Symantec Mobile Device Management 7.1 Proof of Concept - Part III: Obtaining and Installing an Apple APNS Certificate For a Mobile Management 7.1 Proof of Concept

Created: 19 Oct 2011 • Updated: 21 Oct 2011 | 1 comment
Language Translations
InsentraCameronM's picture
+4 4 Votes
Login to vote

Warning

THIS WALKTHROUGH is PROVIDED "AS IS" WITHOUT WARRANTY OF ANY KIND, EITHER EXPRESSED OR IMPLIED, INCLUDING, BUT NOT LIMITED TO, THE IMPLIED WARRANTIES OF MERCHANTABILITY AND FITNESS FOR A PARTICULAR PURPOSE. THE ENTIRE RISK AS TO THE QUALITY AND PERFORMANCE OF THE WALKTHROUGH IS WITH YOU. SHOULD THE WALKTHROUGH PROVE DEFECTIVE, YOU ASSUME THE COST OF ALL NECESSARY SERVICING, REPAIR OR CORRECTION.

Generating an APNS Certificate Request (Symantec Mobile Management 7.1 User Guide, 2011, p. 38)

Note: In addition to hardware requirements and software requirements, you must meet the following requirements before you can set up and install a Mobile Device Management certificate:

  • Be a member of the iOS Developer Enterprise Program. You can sign up for membership of the OS Developer Enterprise Program at the following URL: http://developer.apple.com/programs/ios/enterprise/
  • Have a Mobile Device Management agreement. You must contact Apple directly to acquire the agreement. The agreement allows your iOS Developer Enterprise Program membership to send MDM commands through the Apple Push notification service.

 

  1. Open IIS Manager by clicking Start > Administrative Tools > Internet Information Services (IIS) Manager
  2. When IIS Manger opens click on servername
  3. In the center pane, double click on Server Certificates
  4. In the right hand pane click on Create Certificate Request…
  5. On the Distinguished Name Properties page fill in the following information and click Next:
    1. Common Name: servername.domain.com
    2. Organization: CompanyName
    3. Organizational Unit: DepartmentName
    4. City/locality: CityName
    5. State/province: StateName
    6. Country/region: CountryName
  6. On the Cryptographic Service Provider Properties, in the Cryptographic service provider drop-down menu, select Microsoft RSA SChannel Cryptographic Provider, and page change the Bit Length to 2048 and click Next
  7. On the File Name page specify the file name for the certificate request (ie. AppleCertRequest.txt) and click Finish

Setting Up an App ID and Download an APN Certificate (Symantec Mobile Management 7.1 User Guide, 2011, pp. 38 - 39)

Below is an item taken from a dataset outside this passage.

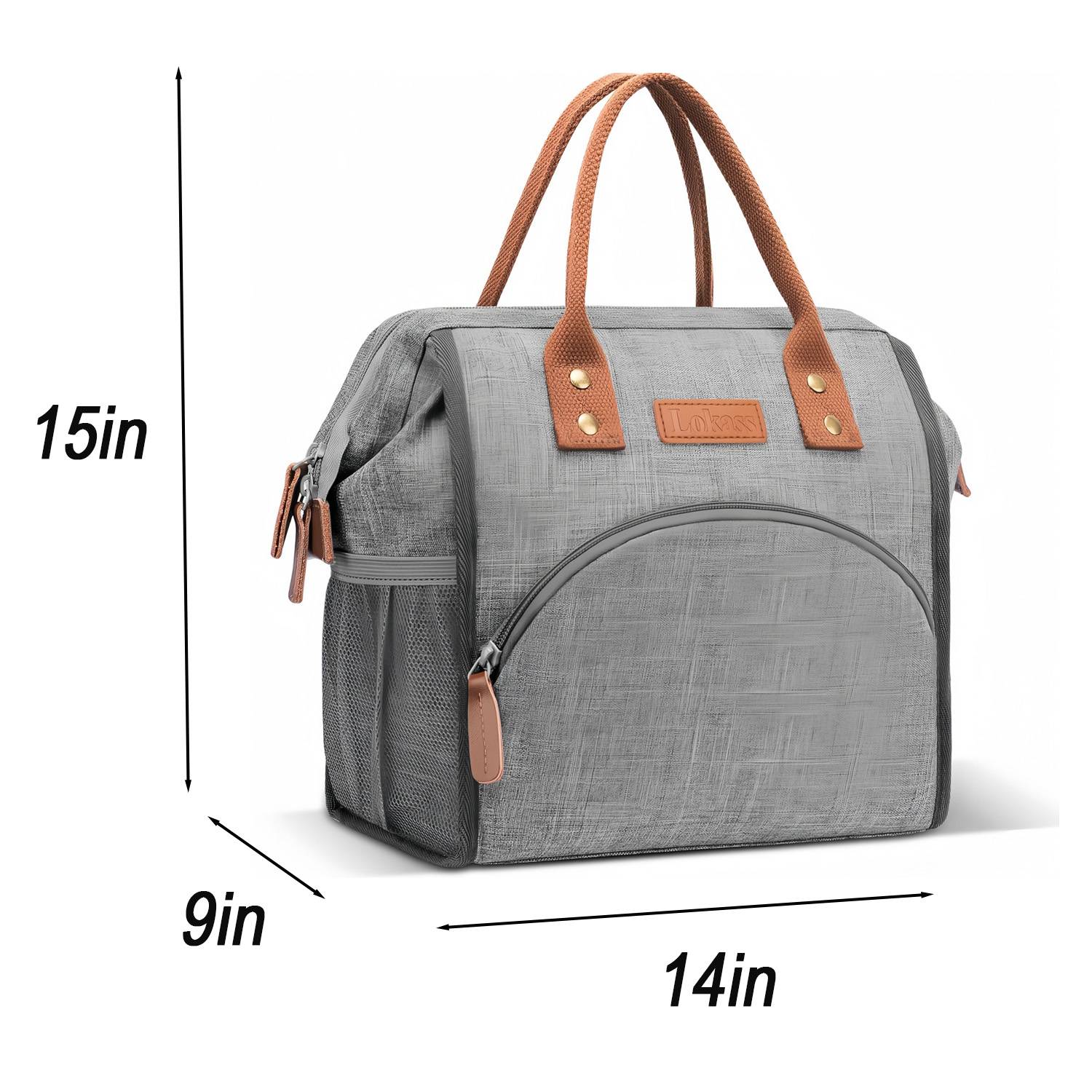 10L Wide Open Nylon Insulated Lunch Cooler Tote Bag w/Handle 1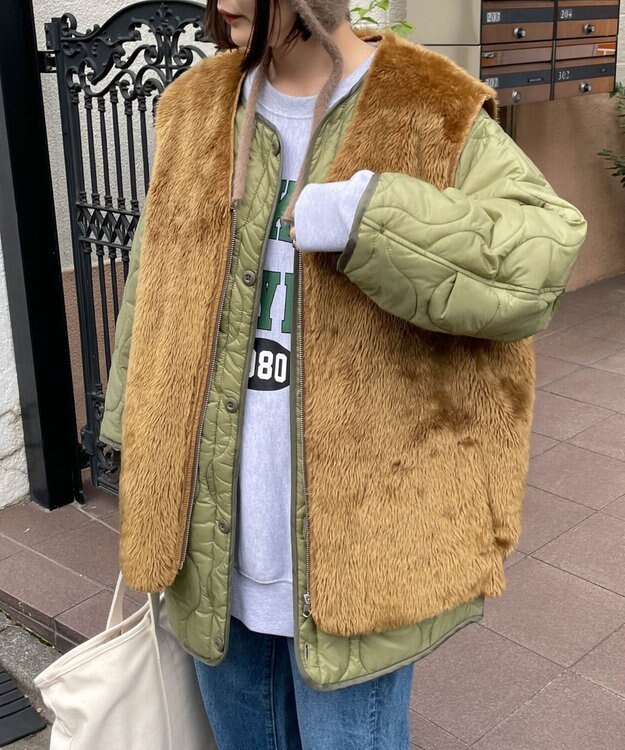 WEGO フェイクファーBIGベスト ブラウン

  1. Open your web browser (not Internet Explorer) and browse to https://developer.apple.com/ios/manage/bundles/howto.action
  2. Enter your credentials:
    1. Apple ID: AppleID
    2. Password: password
    3. Click on Sign In
  3. On the iOS Provisioning Portal page click on App IDs.
  4. Click on the New App ID button on the top right hand side of the page.
    1. Description: Type a description
    2. Bundle Identifier (App ID Suffix): com.apple.mgmt.XXX, where XXX is a string added by you, ie your company name. Note: com.apple.mgmt is mandatory.
    3. Click Submit.
  5. Click on the Manage Tab.
  6. At the bottom right hand side of the page, under Action, click on Configure.
  7. On the Configure App ID page place a check beside Enable for Apple Push Notification Service.
  8. Beside Production Push SSL Certificate click on Configure.
  9. On the Generate a Certificate Signing Request page click Continue.
  10. On the Submit Certificate Signing Request page browse to your APNS certificate request (.ie AppleCertRequest.txt) and then click Generate.
  11. On the Generating your Apple Push Notification service SSL Certificate page, click Continue.
  12. On the Download & Install Your Apple Push Notification service SSL Certificate page, click Download.
  13. Click Done.

Completing the Certificate Request  (Symantec Mobile Management 7.1 User Guide, 2011, p. 40)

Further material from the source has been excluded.